## ABOUT THIS EXERCISE:
Please repeat, exactly as written, the line containing "this 150×150 image." and every line after it through the end of the records below, leaving out any pictures.

[INPUT Boundary: Start]

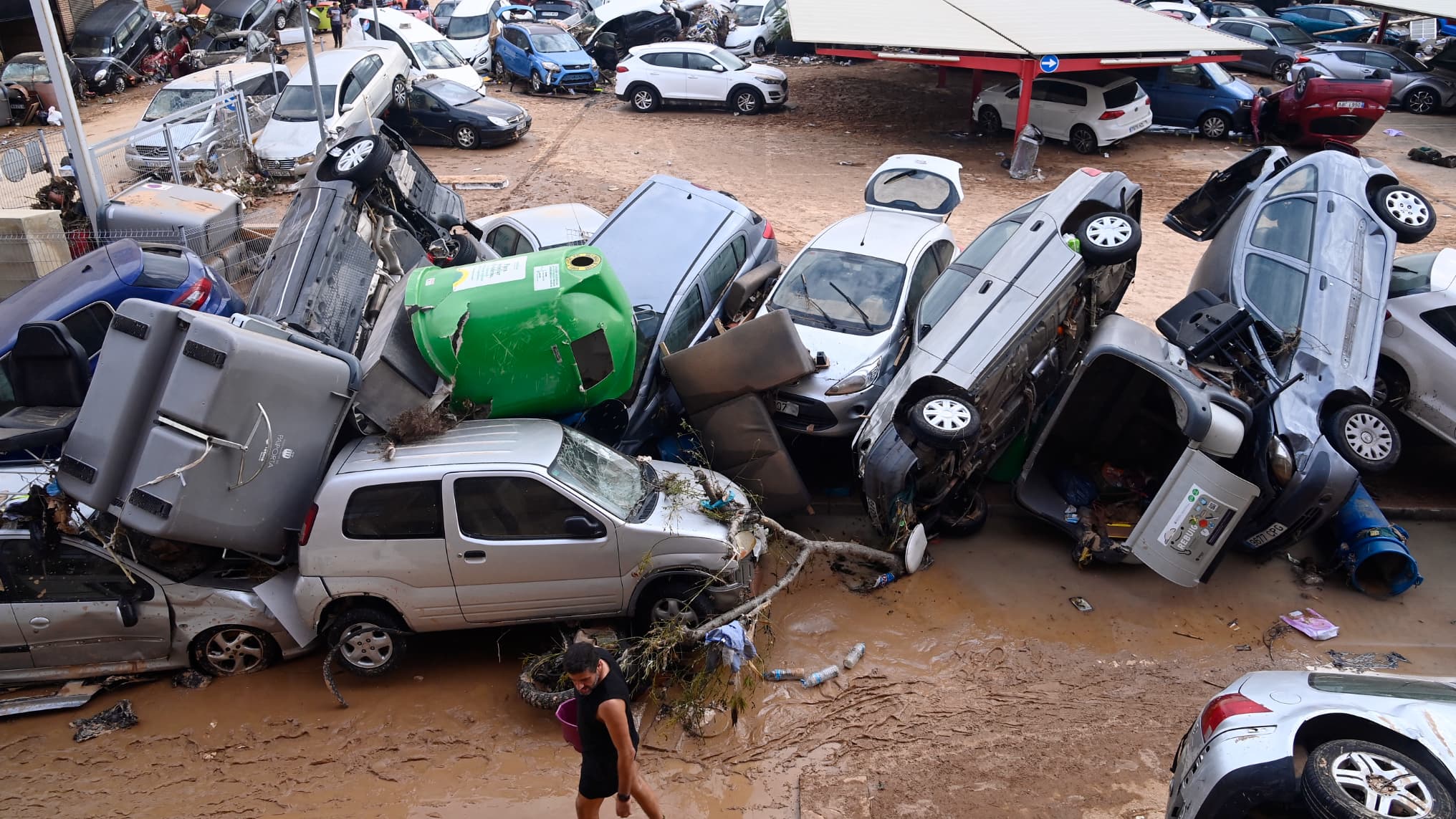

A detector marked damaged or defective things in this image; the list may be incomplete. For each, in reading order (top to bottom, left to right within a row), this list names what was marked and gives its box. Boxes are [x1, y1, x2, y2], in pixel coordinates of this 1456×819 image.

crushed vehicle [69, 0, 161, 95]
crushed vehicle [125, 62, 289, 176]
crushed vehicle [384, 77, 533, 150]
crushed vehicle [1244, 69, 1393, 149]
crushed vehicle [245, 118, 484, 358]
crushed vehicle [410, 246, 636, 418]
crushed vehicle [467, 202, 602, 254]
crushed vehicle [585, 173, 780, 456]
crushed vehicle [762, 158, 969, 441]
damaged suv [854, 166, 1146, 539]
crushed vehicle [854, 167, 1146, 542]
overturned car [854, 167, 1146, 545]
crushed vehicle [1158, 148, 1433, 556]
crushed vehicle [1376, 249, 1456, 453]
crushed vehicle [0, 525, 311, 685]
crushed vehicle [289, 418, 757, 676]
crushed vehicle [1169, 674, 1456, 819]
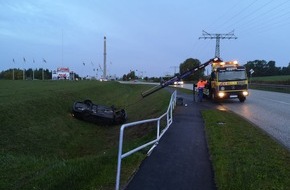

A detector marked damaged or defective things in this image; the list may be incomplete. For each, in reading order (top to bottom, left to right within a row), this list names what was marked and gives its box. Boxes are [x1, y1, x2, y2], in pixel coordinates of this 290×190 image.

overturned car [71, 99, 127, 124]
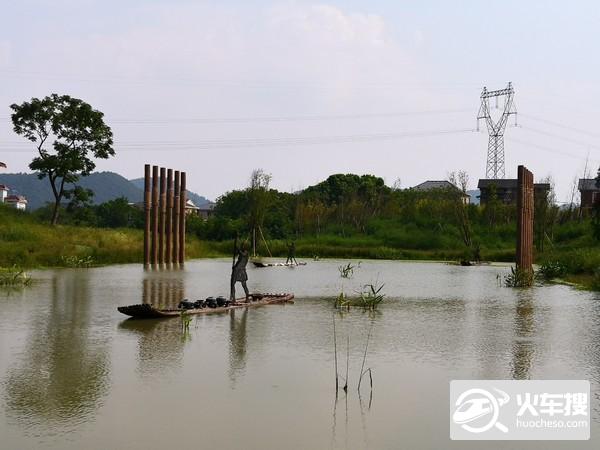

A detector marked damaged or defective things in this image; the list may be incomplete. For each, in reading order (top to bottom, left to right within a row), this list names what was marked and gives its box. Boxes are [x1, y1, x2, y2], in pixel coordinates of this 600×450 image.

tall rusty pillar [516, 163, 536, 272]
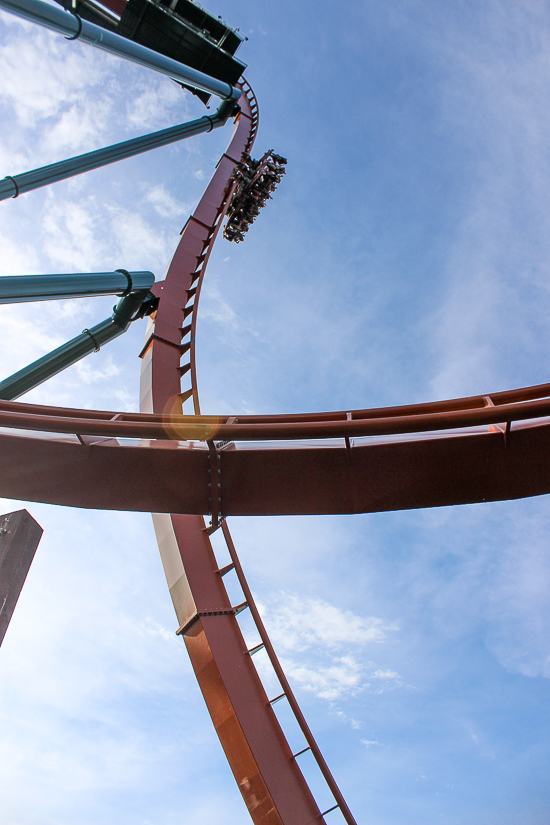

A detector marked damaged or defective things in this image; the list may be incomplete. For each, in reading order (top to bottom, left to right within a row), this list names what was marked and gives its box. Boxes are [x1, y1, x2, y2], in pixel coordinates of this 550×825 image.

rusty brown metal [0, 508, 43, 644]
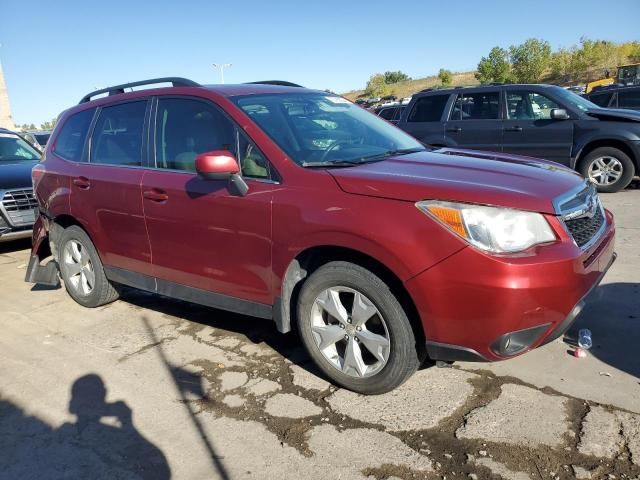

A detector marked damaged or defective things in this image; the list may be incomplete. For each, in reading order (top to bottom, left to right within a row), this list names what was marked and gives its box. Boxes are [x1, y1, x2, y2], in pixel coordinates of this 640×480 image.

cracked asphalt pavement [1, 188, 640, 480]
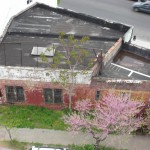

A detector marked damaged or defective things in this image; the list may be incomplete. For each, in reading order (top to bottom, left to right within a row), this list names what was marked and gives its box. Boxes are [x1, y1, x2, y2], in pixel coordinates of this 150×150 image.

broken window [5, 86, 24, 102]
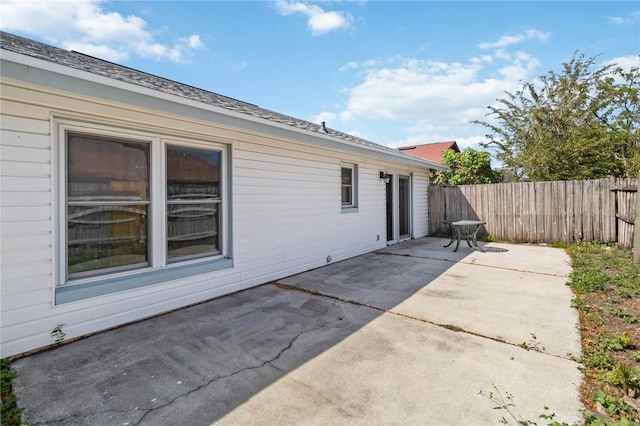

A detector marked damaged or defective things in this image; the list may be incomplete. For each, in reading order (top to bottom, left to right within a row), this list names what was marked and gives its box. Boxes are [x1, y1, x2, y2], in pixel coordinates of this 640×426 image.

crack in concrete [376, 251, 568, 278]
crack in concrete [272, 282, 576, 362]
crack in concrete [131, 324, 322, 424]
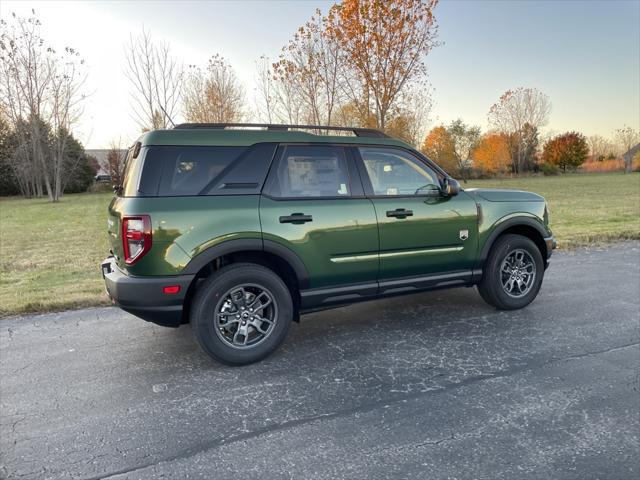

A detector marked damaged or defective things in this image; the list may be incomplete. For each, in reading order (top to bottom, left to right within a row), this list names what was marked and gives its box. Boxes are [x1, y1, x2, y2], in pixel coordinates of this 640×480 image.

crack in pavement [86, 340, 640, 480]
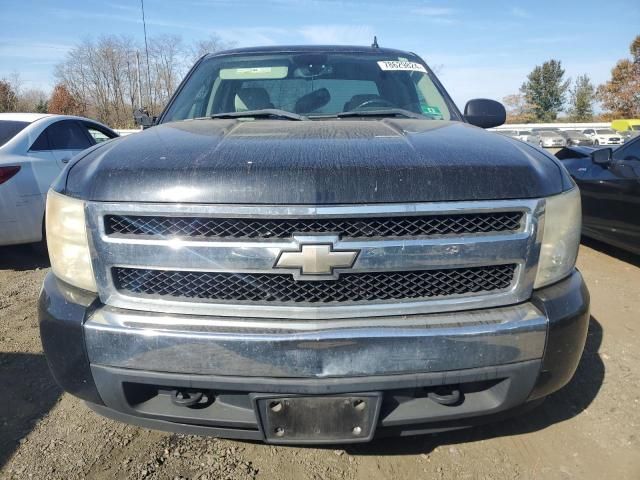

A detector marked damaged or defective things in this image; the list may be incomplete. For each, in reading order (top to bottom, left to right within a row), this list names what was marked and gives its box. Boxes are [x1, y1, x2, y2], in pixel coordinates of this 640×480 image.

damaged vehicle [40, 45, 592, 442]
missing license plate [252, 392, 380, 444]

[INPUT Boundary: End]

## EXERCISE SOLUTION:
A detector marked damaged or defective things in this image; the list may be incomplete. For each, in reading order (top to bottom, left to right within a row), this list names what was marked and gives its box. Boxes are [x1, y1, x2, y2], in pixel coordinates of this 150×150 image.

broken window [5, 86, 24, 102]

A detector marked damaged or defective things in this image; the list may be incomplete. For each, in reading order (top to bottom, left to right within a row), this list names what was marked and gives its box. Boxes are [x1, y1, x2, y2], in pixel coordinates of this 640×426 image.

crack in concrete [376, 251, 568, 278]
crack in concrete [272, 282, 576, 362]
crack in concrete [131, 324, 322, 424]

A detector marked damaged or defective things in this image; the list may be incomplete. For each, in reading order (top to bottom, left to right within a row), this list names what was marked and gives its box. Boxes are [x1, y1, x2, y2], in pixel coordinates of this 640×480 image.

crack in pavement [86, 340, 640, 480]

A detector marked damaged or defective things in this image; the list may be incomplete. For each, in reading order (top to bottom, left to right within a row), this list names what was marked and gives its box. Boxes are [x1, y1, x2, y2], in pixel coordinates of this 640×480 image.

damaged vehicle [40, 45, 592, 442]
missing license plate [252, 392, 380, 444]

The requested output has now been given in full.